A lyric poem is usually fairly short, not often longer than fifty or sixty lines, and often only between a dozen and thirty lines.

Ode to the West Wind is a lyric poem. In respect of size it does not far exceed the usual length of a lyric poem, and in point of lyricism, it is regarded as one of he best of Shelley’s lyrics.

Strong emotion, the chief quality of a lyric poem, is evident throughout the poem, and it is Shelley’s personal. In depicting the power of the West Wind as a destroyer and preserver in autumn, Shelley’s feelings of admiration are at the highest pitch. It is marked in his apostrophe, the impassioned address to the Wind. “O Wild West Wind, though breath of Autumn’s being”, and in the metaphors and similes. His appeal to the Wind is equally passionate. At the end of the first three stanzas, he says,  “Oh, hear!”, appealing to the West Wind. His intensest emotion is manifested in his passionate entreaty, “oh, lift me as a wave, a leaf, a cloud!/ I fall upon the thorns of life! I bleed!” The concluding line, “If Winter comes, Can Spring be far behind?”, though it sounds sober, is charged with suppressed emotion of his optimism.

As regards melody or musical quality, it is indeed difficult to realize it because the sentences are very long, as demanded by the requirements of the verse form that he has used: terza rima. But still the adept handling of the iambic pentameter lines, and the use of the devices like alliteration, assonance, consonance, and dissonance, produces enough melody for a lyric poem. We can mention just a few lines out of many supporting the observation. “Lulled by the coil of his crystalline stream” has alliteration in the repetition of “I” sounds, producing melody. “The sea-blooms and the oozy woods” has assonance in the repetition of the “I” and “u” sounds.

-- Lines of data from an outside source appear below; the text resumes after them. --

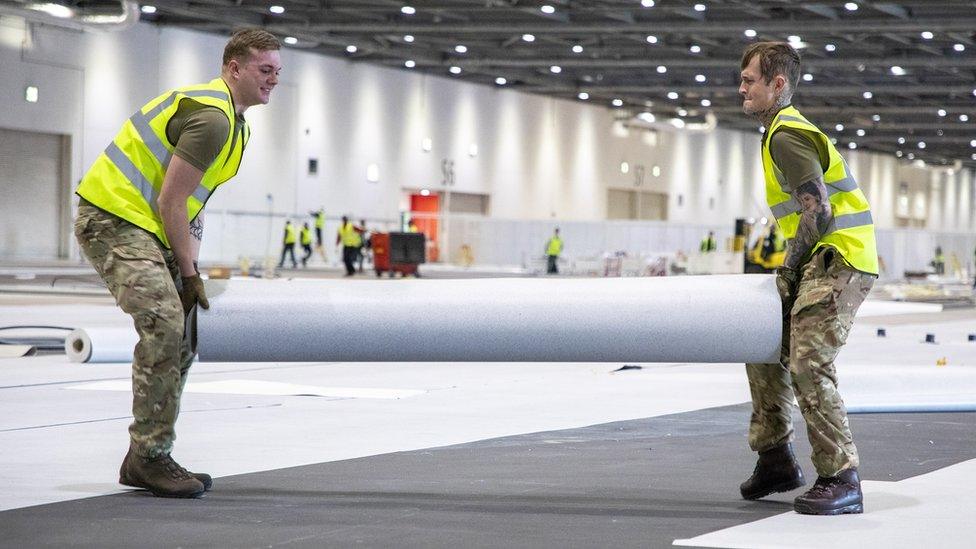 Soldiers from 1 Royal Anglian Regiment help construct the Nightingale Hospital at London's Excel conference centre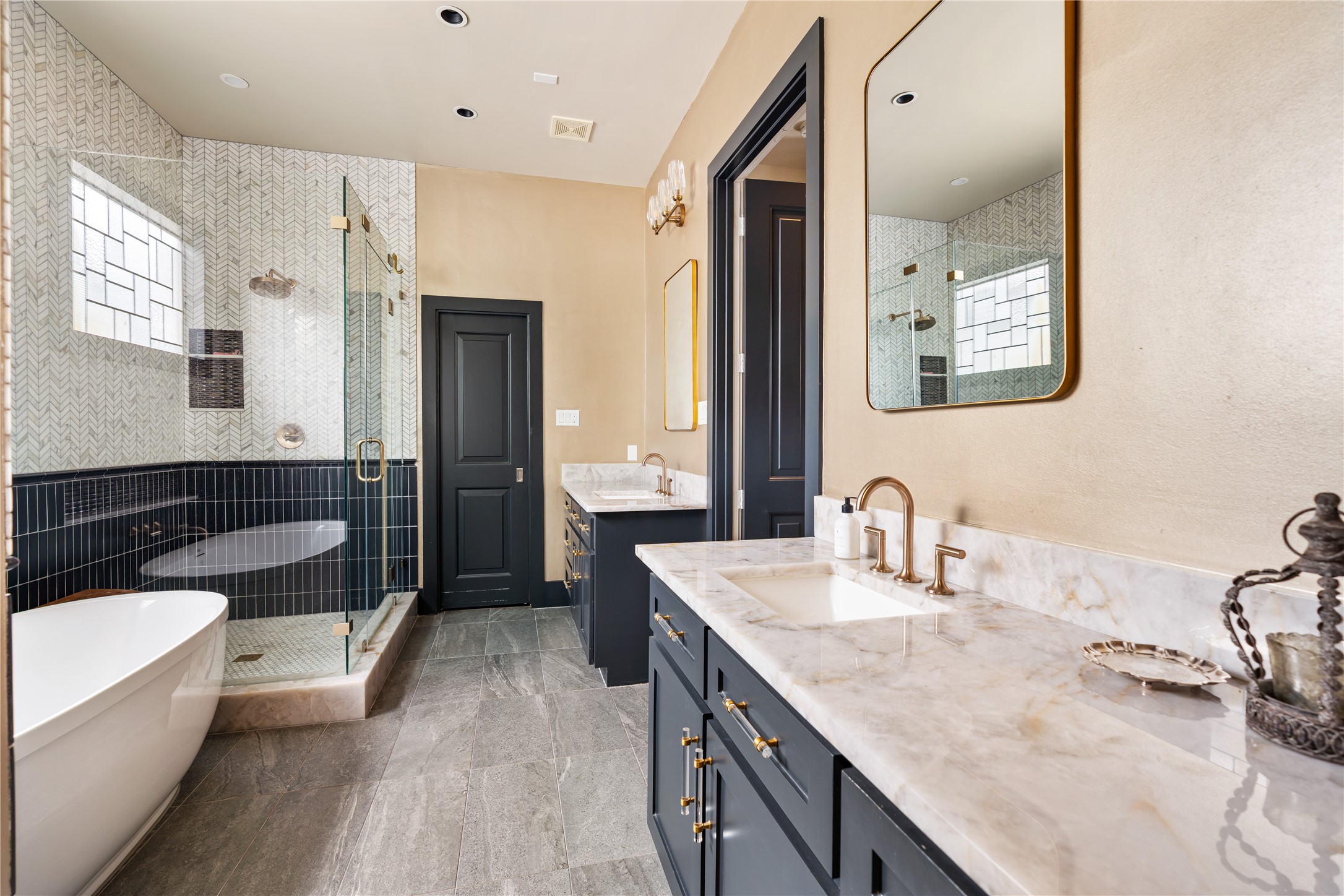 926 Nicholson Street Houston, TX 77008 - Photo 22 of 36 Expansive separate vanities offer generous storage and counter space, blending everyday practicality with refined design.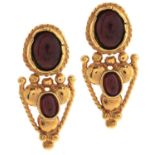A pair of cabochon garnet earrings, in gold marked 585, 4.7g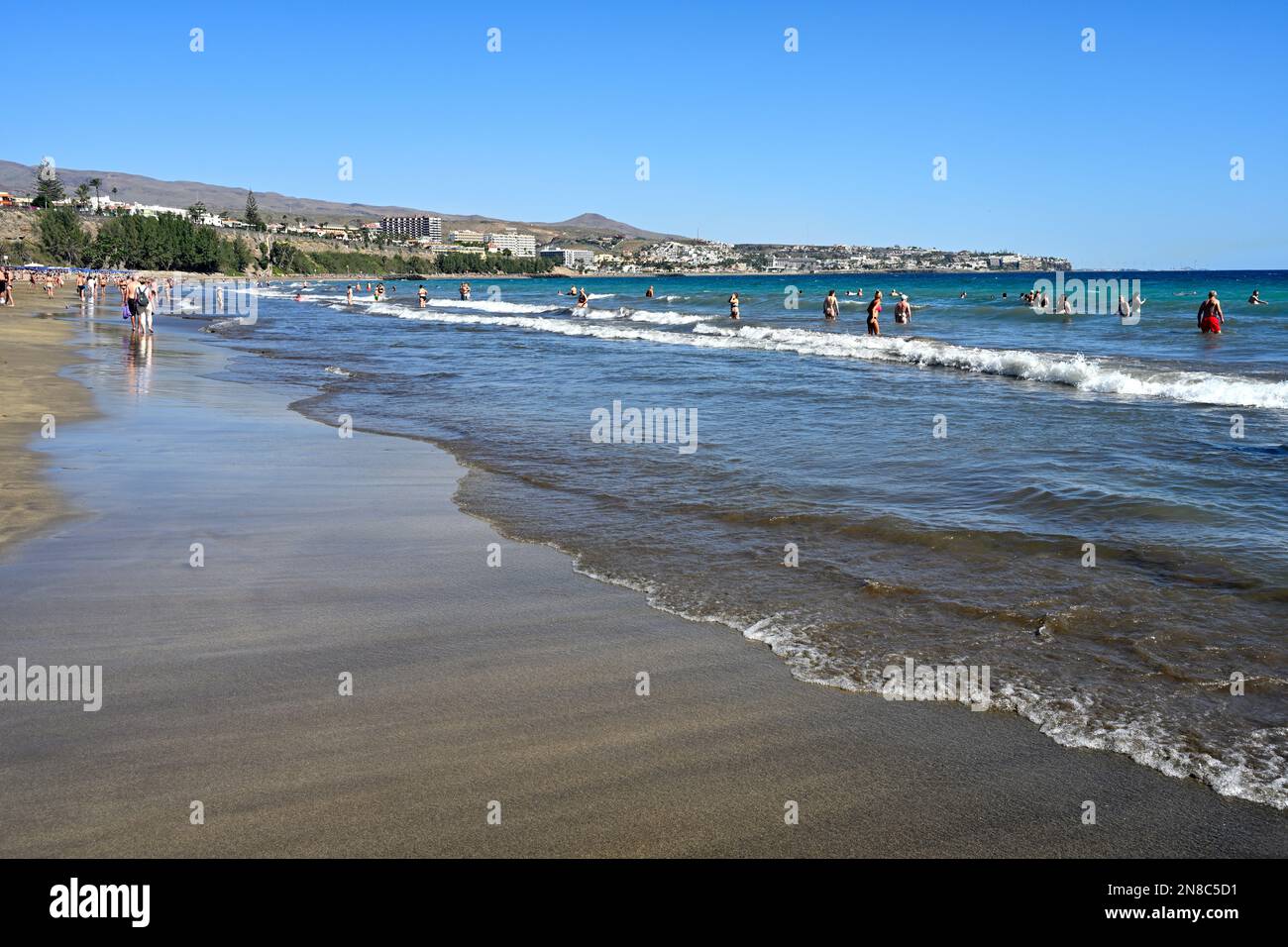 Am Sandstrand Playa del Inglés mit Menschen im Meer, Maspalomas, grenzt das Wasser an Stockfoto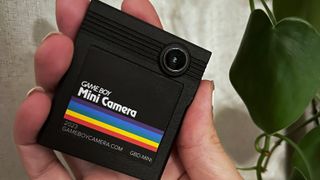 Game Boy Mini Camera cartridge in the hand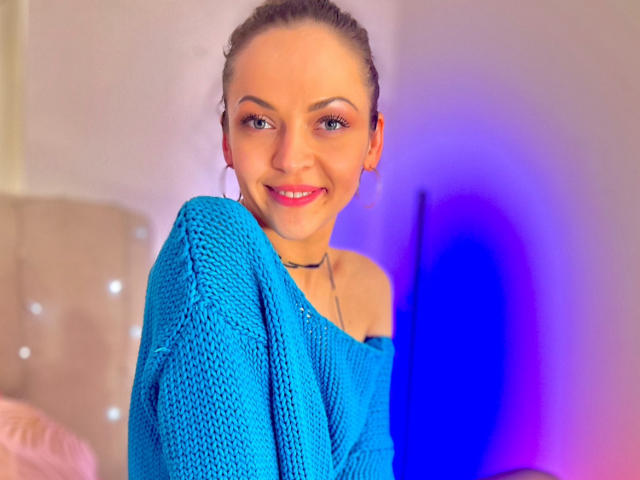 Veronika Dylan, com cabelo castanho claro, olhos azuis e batom vermelho, vestindo um suéter azul de tricô com um ombro descoberto, sorrindo para a câmera. Seus seios estão parcialmente cobertos..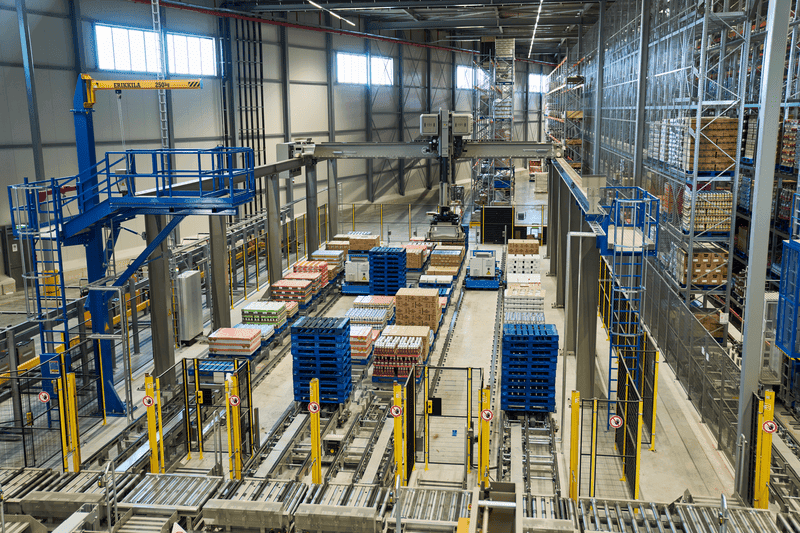 A large warehouse featuring numerous shelves lined with boxes and additional boxes on the floor.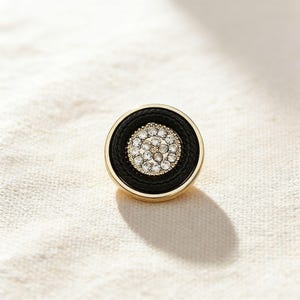 Op de afbeelding: Een ronde knoop met een zwart midden, een goudkleurige rand en een ring van heldere strass-steentjes. De knoop heeft een getextureerde zwarte rand en een goudkleurige buitenrand. De knoop is geplaatst tegen een witte achtergrond.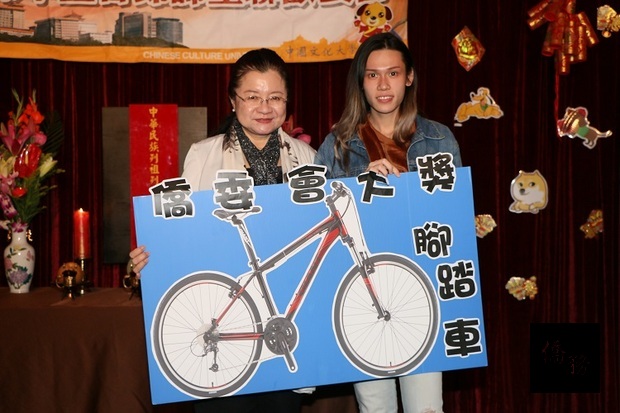 田秋堇(左)抽出摸彩最大獎單車得主一名，和中獎學生合影。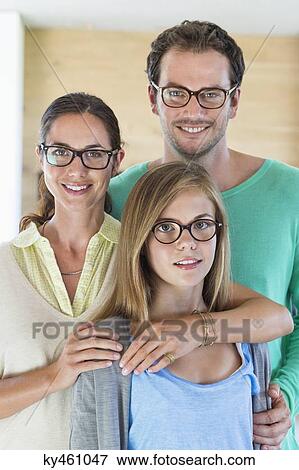 Portrait of a family wearing eyeglasses and smiling View Large Photo Image Stock Photo - Portrait of a family wearing eyeglasses and smiling. Fotosearch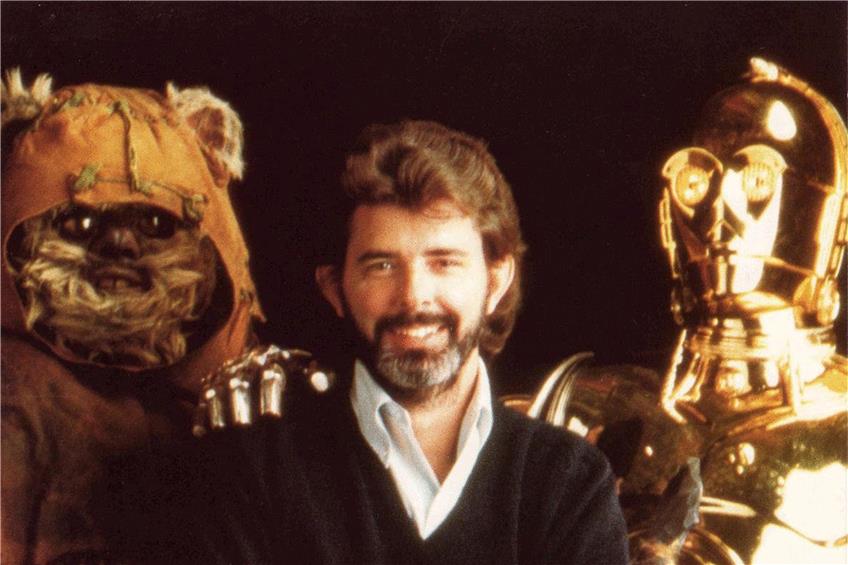 George Lucas 1983 mit den Ewoks aus „Die Rückkehr der Jedi-Ritter“ und mit C3PO. Der Star-Wars-Schöpfer war nahezu der Einzige, der die pelzigen Gesellen mochte. In einer der digitalen Nachbearbeitungen sorgte Lucas später dafür, dass die Ewoks blinzeln konnten. Foto: mauritius images/Photo 12/Alamy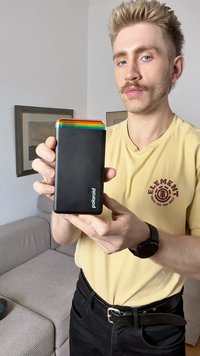 Polaroid bærbar skriver med en mat sort finish og en flerfarget stripe på toppen. Kompakt form, har merkevare på forsiden.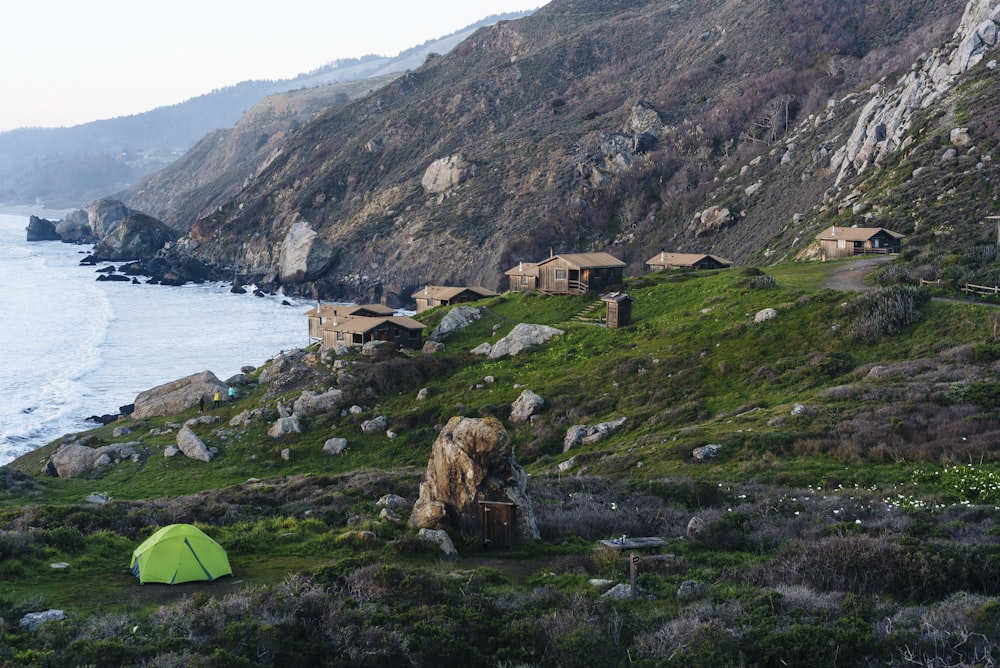 green dome tent on green grass field near body of water during daytime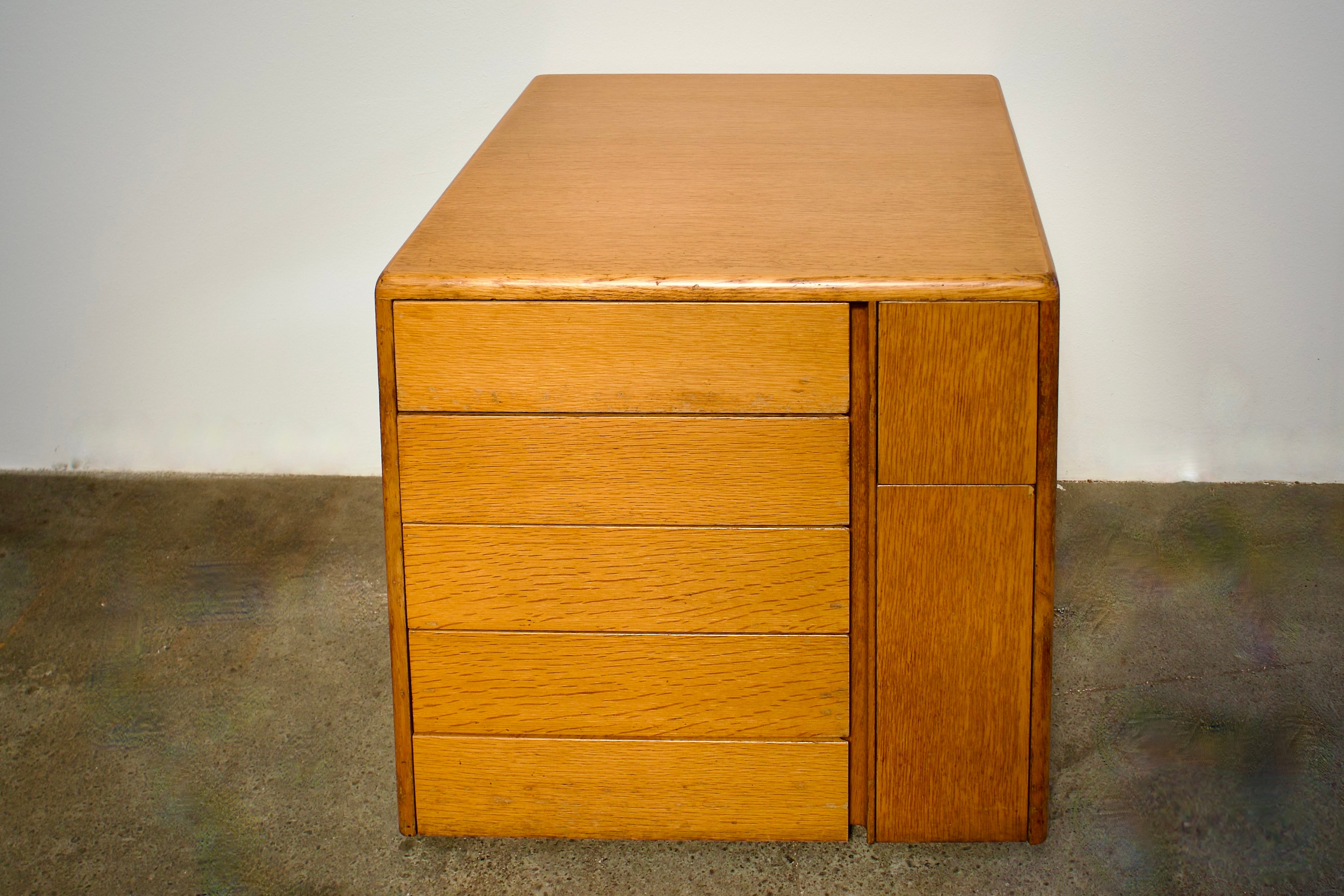 Stunning Osvaldo Borsani for Tecno Mid Century Modern low chest of drawers with integrated waste paper. Doubles as an attractive side table or sideboard. Clean lines, functional and beautiful. While it is made of solid wood and weighs 80 lbs (35kg)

The quality of lucidity is equally evident throughout the poem. Desmond King-Hele, one of the famous critics of Shelley, remarks about this quality in the following words, “Shelley has made the heroic lines move swiftly so as to give the impression of the irresistible and fast movement of the wind… it is the most fully orchestrated of Shelley’s poems.”  Albert says, “The stanzas have the elemental rush of the wind itself, and the conclusion…. is the most remarkable of all”. Moreover, the development of thought is very easy to understand, which highlights this essential quality of a lyric.
Considered from the point of lyricism, Ode to the West Wind is of the highest excellence.